(Given entries)

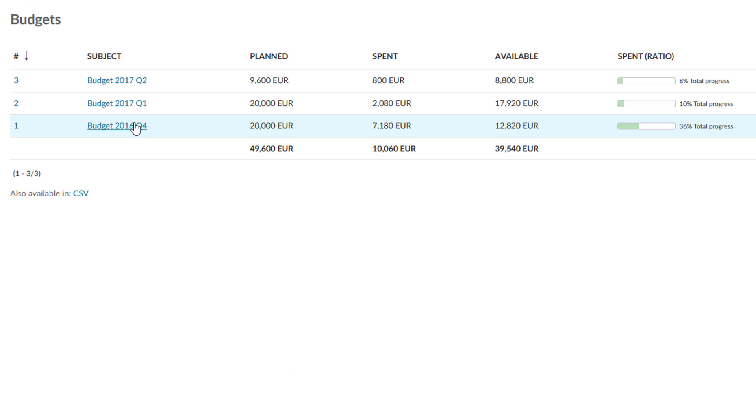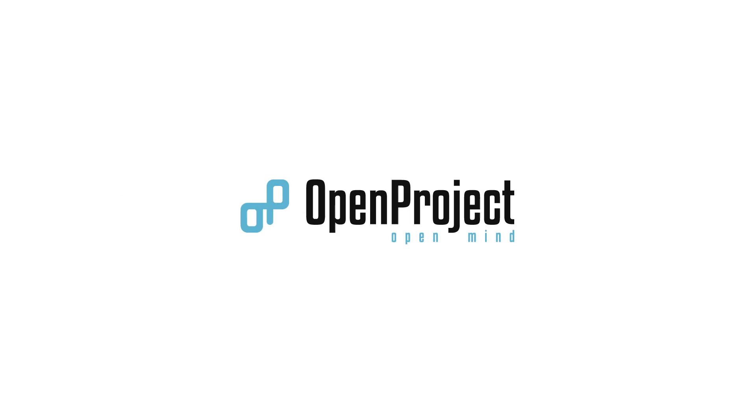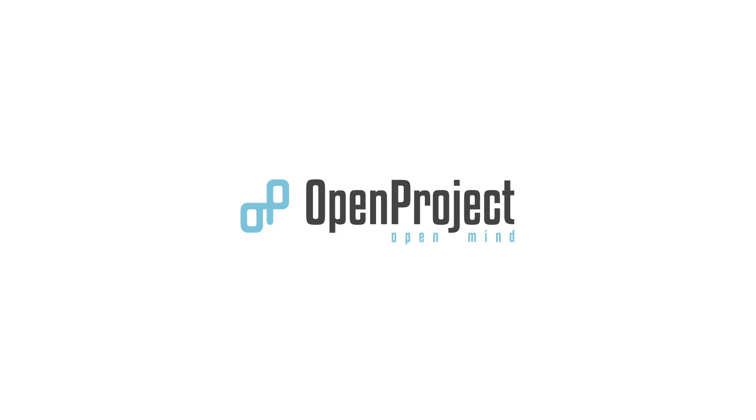Plan the cost for each project phase and see how much of the allocated budget has been spent. Get your projects done with OpenProject.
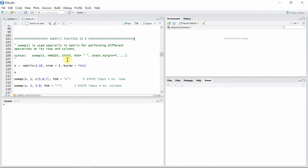The STATS argument represents the values that are provided for operations to the matrix rows and columns chosen in the second argument. The fourth argument, FUN, represents the operation we want to perform on those rows and columns. There are also other arguments like drop.margin equals TRUE which comes by default. Essentially we need these four arguments to use the sweep function.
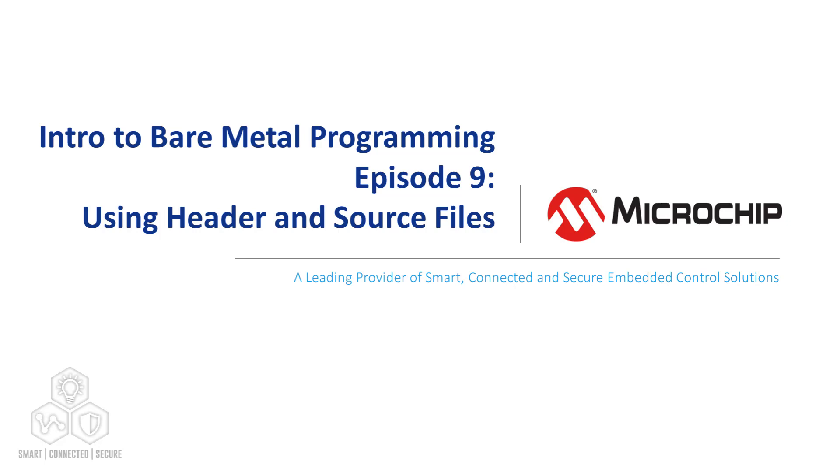Hi everyone, Ross Satchell from Microchip back again. Welcome to Episode 9 in our AVR Bare Metal series.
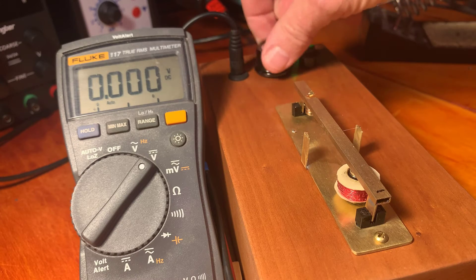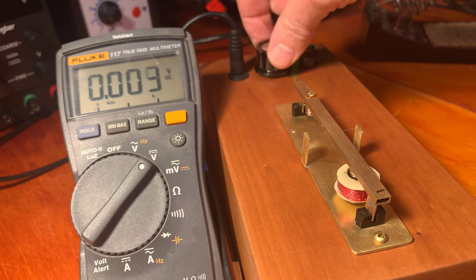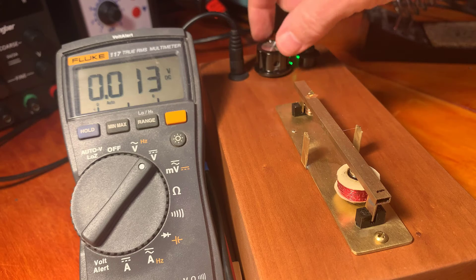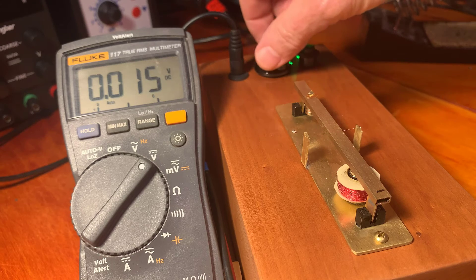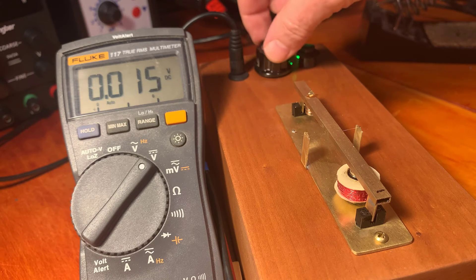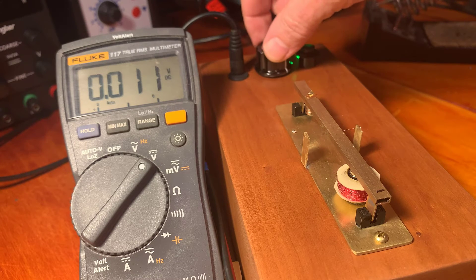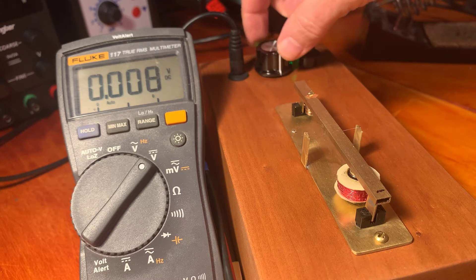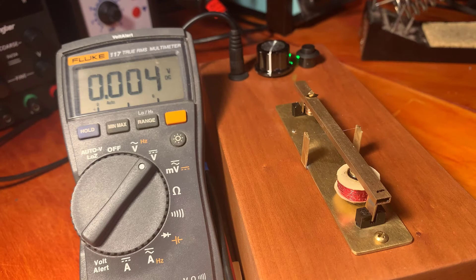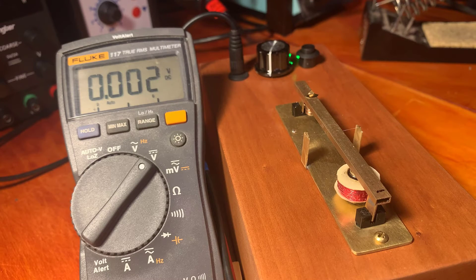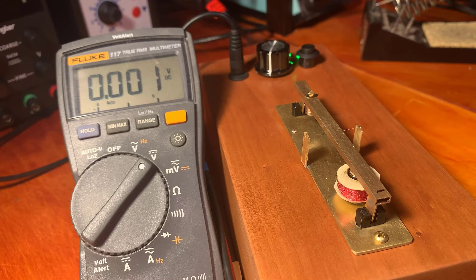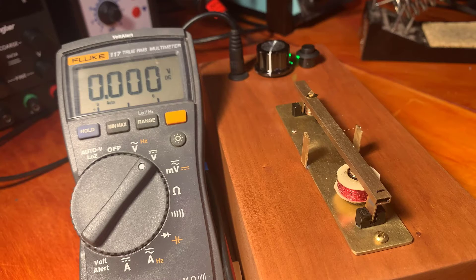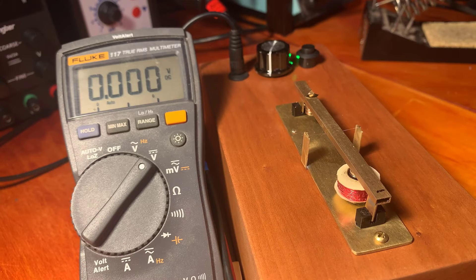And you can see when I turn this, I change the balance condition. So let's get this into balance. It has a settling time of about 10 seconds. So I have to be patient when I use it.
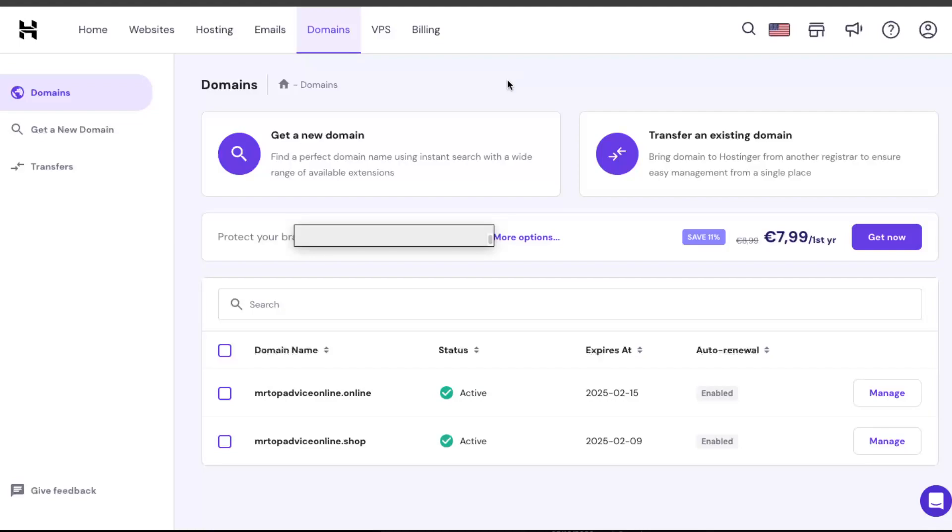Hello guys, so in today's video I'm going to show you how to add a CNAME DNS settings record to your Hostinger domain and it's pretty simple to do. First of all, you go to your Hostinger, click on domains, and choose a domain where you want to add that CNAME record.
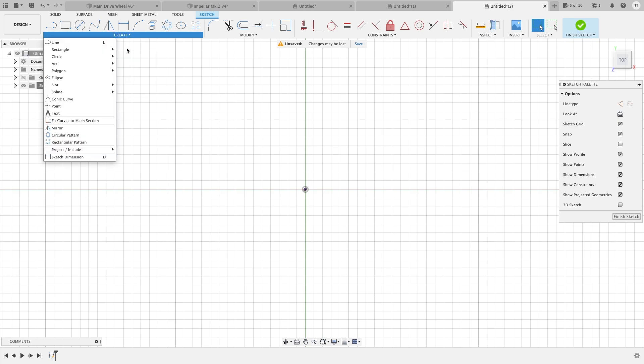If you want to go to our rectangles, you can hit this drop down, create. If you don't already have it in your toolbar, go down to rectangle.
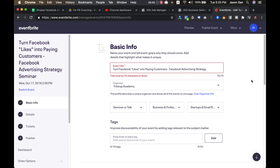But before you do that, it's really important that you create a Facebook pixel and link to it so that you can start retargeting people who visited your so-called Eventbrite landing page and did not sign up, or even to create all these retargeting purposes.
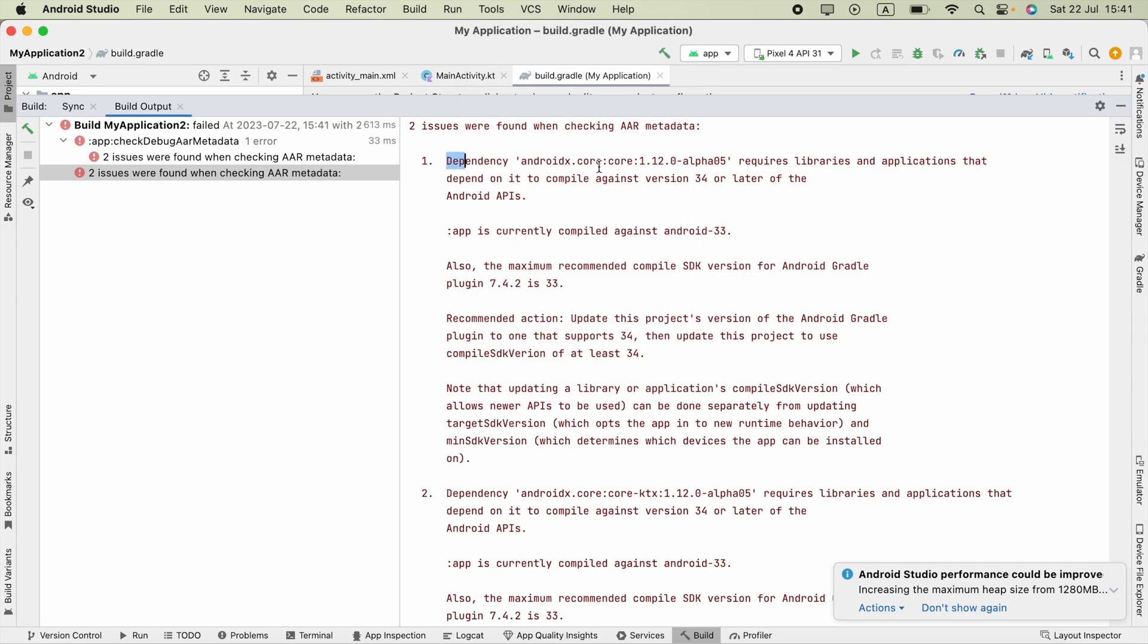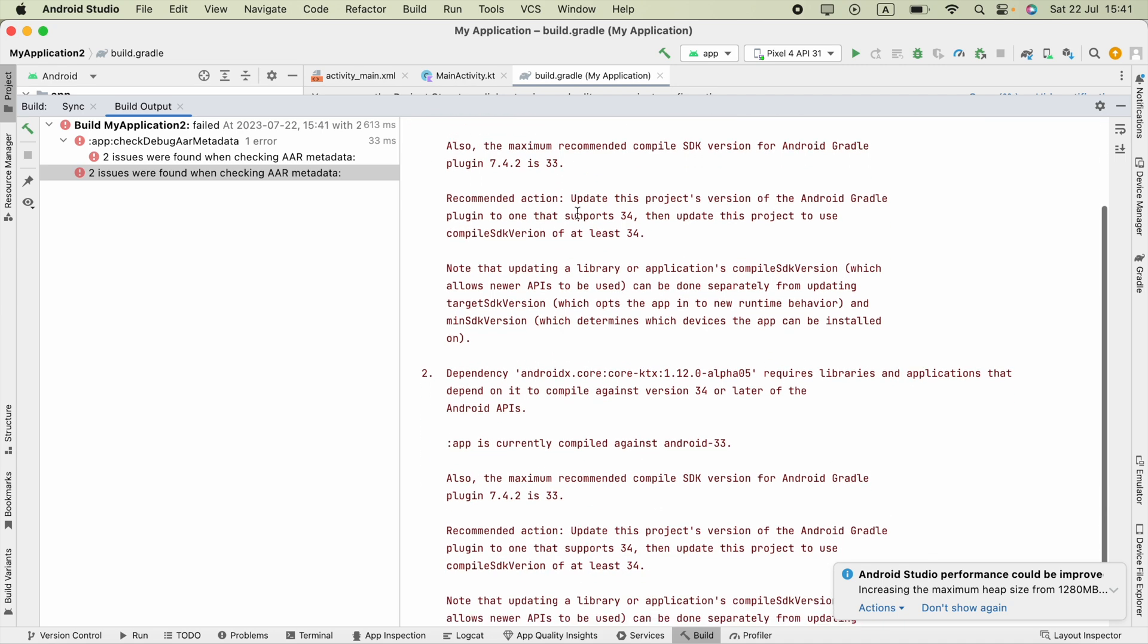Dependency androidx.core.core: this version requires libraries and applications that depend on it to compile against version 34 or later of the Android APIs.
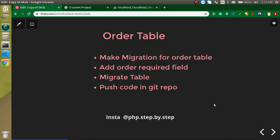Hi everyone, welcome back to my channel. My name is Anil, and in this Laravel project video tutorial we will make an order table and we will do it with the help of migration.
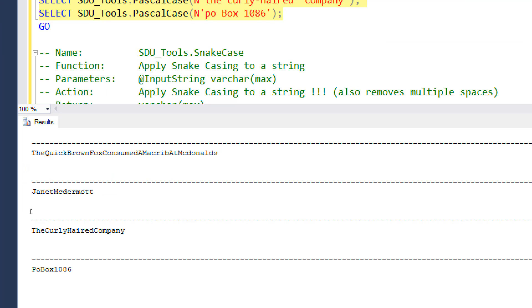And so notice that the whitespace has been removed, all of the words are capitalized and pushed together. But it's the first letter of each word capitalized, and all of the words are capitalized.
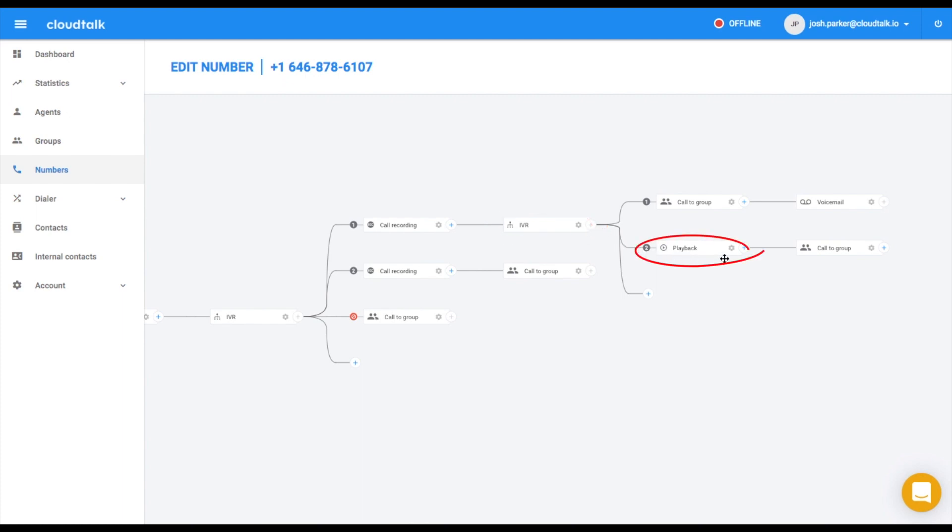Please prepare your order number. You will now be connected to a customer support representative. Hi, this is Josh from Company.io. I see you're calling about your existing order. I can see that you currently have two open orders. Can you please tell me your order ID?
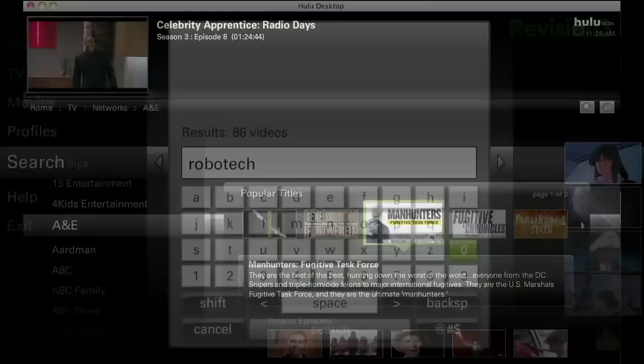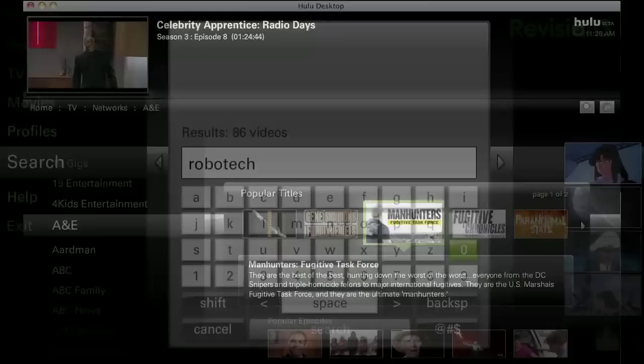Select shows sorted by recently added, popularity, TV network, movie titles, genre, profile, or just enter in a search using the on-screen keyboard. Okay, maybe you might want a keyboard then.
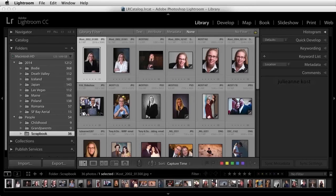Lightroom CC now has the ability to help you quickly find faces in images, making it much easier to find and tag people in photos. Not only can Lightroom detect faces, it can then recognize similar faces to help you tag the same person when they appear in multiple photographs.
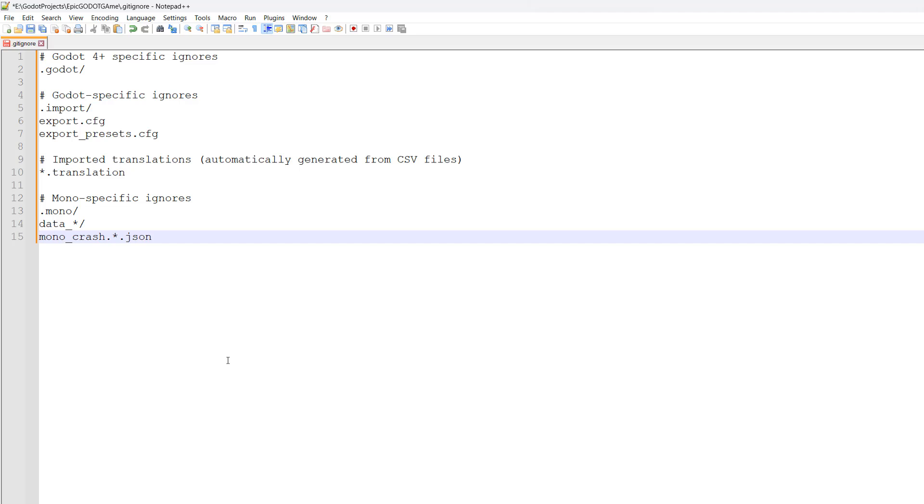These files get automatically generated by Godot, so there's no need to store them elsewhere if they're going to be generated whenever you open your project. Once you've pasted in the text, click save and then close the software.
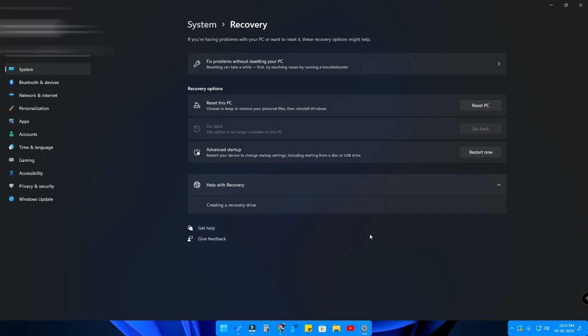Your Windows 11 operating system will look like it did when first installed. I can't demonstrate this now because it's my personal working machine, but this is one way you can easily reset your Windows 11 PC.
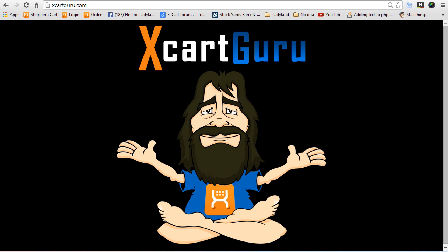Hey guys, it's Mike White with XCartGuru. I'm pretty excited. I'm going to do an XCart4 tutorial.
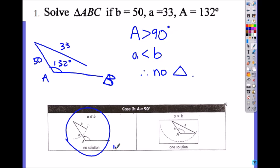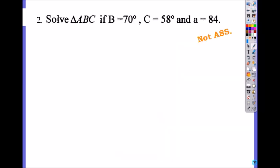Number two: as you can see, this is not an ambiguous case. You have angle angle side — in whatever order — so there will be only one triangle. You don't have to check how many triangles there are. I'm going to skip number two; there is one triangle.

(End Given entries)

— Aim of the exercise —
Please output the lines above beginning at the line with "Select shows sorted" and ending after the line with "Hey guys, it's", precisely as written and with no pictures.

— Output of the task —
Select shows sorted by recently added, popularity, TV network, movie titles, genre, profile, or just enter in a search using the on-screen keyboard. Okay, maybe you might want a keyboard then.
Lightroom CC now has the ability to help you quickly find faces in images, making it much easier to find and tag people in photos. Not only can Lightroom detect faces, it can then recognize similar faces to help you tag the same person when they appear in multiple photographs.
These files get automatically generated by Godot, so there's no need to store them elsewhere if they're going to be generated whenever you open your project. Once you've pasted in the text, click save and then close the software.
Your Windows 11 operating system will look like it did when first installed. I can't demonstrate this now because it's my personal working machine, but this is one way you can easily reset your Windows 11 PC.
Hey guys, it's Mike White with XCartGuru. I'm pretty excited. I'm going to do an XCart4 tutorial.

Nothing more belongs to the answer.